#### [Work instructions]
Copy, exactly and without additions, every line in the records below from the one holding "Crystal City Hotel | Wintergarden Inn" through the one holding "4000 CATHEDRAL AVE NW #218B, WASHINGTON, District", both ends included.
Start of Dataset records
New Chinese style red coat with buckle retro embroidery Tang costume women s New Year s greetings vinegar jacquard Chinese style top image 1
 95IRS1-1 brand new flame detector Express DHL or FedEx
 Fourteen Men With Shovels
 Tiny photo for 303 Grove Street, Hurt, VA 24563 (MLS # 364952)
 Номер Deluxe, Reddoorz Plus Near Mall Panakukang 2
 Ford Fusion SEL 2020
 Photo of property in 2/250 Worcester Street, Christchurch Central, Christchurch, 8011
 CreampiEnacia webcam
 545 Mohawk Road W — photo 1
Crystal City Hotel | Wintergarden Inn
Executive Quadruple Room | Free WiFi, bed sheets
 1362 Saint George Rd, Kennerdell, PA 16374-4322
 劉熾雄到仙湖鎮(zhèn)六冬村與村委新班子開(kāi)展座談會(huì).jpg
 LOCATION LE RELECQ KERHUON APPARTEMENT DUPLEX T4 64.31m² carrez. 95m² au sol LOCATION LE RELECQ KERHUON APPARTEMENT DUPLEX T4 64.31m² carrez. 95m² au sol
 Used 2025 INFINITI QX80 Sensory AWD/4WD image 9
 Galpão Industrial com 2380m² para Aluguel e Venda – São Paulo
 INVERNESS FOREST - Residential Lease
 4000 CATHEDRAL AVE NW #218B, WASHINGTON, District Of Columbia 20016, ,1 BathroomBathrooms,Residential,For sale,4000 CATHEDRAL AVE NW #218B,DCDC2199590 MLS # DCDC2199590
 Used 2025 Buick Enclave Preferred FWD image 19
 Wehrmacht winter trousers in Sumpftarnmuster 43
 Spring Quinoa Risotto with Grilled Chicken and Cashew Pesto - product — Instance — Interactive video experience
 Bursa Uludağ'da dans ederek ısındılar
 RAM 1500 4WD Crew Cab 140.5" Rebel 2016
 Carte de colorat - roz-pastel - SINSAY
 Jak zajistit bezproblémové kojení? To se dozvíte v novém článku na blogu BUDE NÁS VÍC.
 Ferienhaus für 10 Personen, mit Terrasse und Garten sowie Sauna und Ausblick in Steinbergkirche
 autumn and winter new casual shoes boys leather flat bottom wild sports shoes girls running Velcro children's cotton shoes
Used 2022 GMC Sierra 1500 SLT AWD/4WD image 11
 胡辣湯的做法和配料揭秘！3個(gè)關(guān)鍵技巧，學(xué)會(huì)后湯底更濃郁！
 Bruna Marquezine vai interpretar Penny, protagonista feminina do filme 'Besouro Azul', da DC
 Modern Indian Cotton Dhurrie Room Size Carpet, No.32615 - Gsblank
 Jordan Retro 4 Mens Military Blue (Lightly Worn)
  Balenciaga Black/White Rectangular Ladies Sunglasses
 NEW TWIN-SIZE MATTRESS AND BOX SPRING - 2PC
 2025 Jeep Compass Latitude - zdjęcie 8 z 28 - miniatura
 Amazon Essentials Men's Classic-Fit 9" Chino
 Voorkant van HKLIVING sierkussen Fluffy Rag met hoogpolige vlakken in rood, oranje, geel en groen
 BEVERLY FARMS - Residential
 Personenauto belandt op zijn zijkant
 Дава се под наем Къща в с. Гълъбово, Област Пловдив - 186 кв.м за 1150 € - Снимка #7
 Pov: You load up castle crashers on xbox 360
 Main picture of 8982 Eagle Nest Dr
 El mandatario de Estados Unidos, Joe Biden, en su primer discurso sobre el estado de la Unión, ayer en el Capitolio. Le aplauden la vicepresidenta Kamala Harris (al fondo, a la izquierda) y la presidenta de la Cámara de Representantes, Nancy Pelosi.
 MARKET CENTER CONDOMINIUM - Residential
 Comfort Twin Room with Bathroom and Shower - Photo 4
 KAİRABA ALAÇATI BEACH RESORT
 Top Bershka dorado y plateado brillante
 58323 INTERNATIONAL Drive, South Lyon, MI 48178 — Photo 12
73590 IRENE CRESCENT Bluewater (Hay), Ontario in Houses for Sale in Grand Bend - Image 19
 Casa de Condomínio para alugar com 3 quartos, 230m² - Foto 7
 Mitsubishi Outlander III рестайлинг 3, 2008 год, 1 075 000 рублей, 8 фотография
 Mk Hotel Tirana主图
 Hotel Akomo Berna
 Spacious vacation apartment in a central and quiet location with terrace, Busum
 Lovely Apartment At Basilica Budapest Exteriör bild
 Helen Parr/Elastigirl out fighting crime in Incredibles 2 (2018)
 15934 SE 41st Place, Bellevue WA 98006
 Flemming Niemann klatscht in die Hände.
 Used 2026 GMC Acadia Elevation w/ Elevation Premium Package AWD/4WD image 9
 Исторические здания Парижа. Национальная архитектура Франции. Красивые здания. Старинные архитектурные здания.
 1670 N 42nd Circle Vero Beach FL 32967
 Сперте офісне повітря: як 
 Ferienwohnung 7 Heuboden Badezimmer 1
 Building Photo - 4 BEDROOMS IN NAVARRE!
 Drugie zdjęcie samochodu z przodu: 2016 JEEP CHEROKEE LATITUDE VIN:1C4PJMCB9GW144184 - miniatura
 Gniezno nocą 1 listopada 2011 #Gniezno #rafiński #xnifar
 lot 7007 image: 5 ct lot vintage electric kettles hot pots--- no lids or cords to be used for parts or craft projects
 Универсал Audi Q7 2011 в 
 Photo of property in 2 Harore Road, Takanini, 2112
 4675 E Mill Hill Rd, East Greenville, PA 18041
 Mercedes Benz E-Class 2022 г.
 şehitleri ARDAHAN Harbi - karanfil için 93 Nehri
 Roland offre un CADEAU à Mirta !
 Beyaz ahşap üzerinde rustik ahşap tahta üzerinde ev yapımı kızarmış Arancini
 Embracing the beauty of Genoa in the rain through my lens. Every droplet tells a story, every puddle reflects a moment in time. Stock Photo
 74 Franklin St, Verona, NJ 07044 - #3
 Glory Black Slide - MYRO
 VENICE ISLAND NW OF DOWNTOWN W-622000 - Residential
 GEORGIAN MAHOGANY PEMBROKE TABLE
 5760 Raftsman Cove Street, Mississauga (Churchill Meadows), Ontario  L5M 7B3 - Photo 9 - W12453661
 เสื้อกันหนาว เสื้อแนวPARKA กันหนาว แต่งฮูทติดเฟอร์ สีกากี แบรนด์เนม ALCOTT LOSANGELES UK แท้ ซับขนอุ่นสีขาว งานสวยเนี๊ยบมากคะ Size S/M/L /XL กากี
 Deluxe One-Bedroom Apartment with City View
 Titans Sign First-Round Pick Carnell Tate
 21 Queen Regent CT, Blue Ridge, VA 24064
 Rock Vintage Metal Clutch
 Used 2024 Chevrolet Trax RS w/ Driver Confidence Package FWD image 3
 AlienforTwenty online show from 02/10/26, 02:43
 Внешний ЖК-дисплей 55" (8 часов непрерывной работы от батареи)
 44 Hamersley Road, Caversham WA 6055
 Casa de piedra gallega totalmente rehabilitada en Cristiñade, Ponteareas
End of Dataset records
#### [Your solution]
Crystal City Hotel | Wintergarden Inn
Executive Quadruple Room | Free WiFi, bed sheets
 1362 Saint George Rd, Kennerdell, PA 16374-4322
 劉熾雄到仙湖鎮(zhèn)六冬村與村委新班子開(kāi)展座談會(huì).jpg
 LOCATION LE RELECQ KERHUON APPARTEMENT DUPLEX T4 64.31m² carrez. 95m² au sol LOCATION LE RELECQ KERHUON APPARTEMENT DUPLEX T4 64.31m² carrez. 95m² au sol
 Used 2025 INFINITI QX80 Sensory AWD/4WD image 9
 Galpão Industrial com 2380m² para Aluguel e Venda – São Paulo
 INVERNESS FOREST - Residential Lease
 4000 CATHEDRAL AVE NW #218B, WASHINGTON, District Of Columbia 20016, ,1 BathroomBathrooms,Residential,For sale,4000 CATHEDRAL AVE NW #218B,DCDC2199590 MLS # DCDC2199590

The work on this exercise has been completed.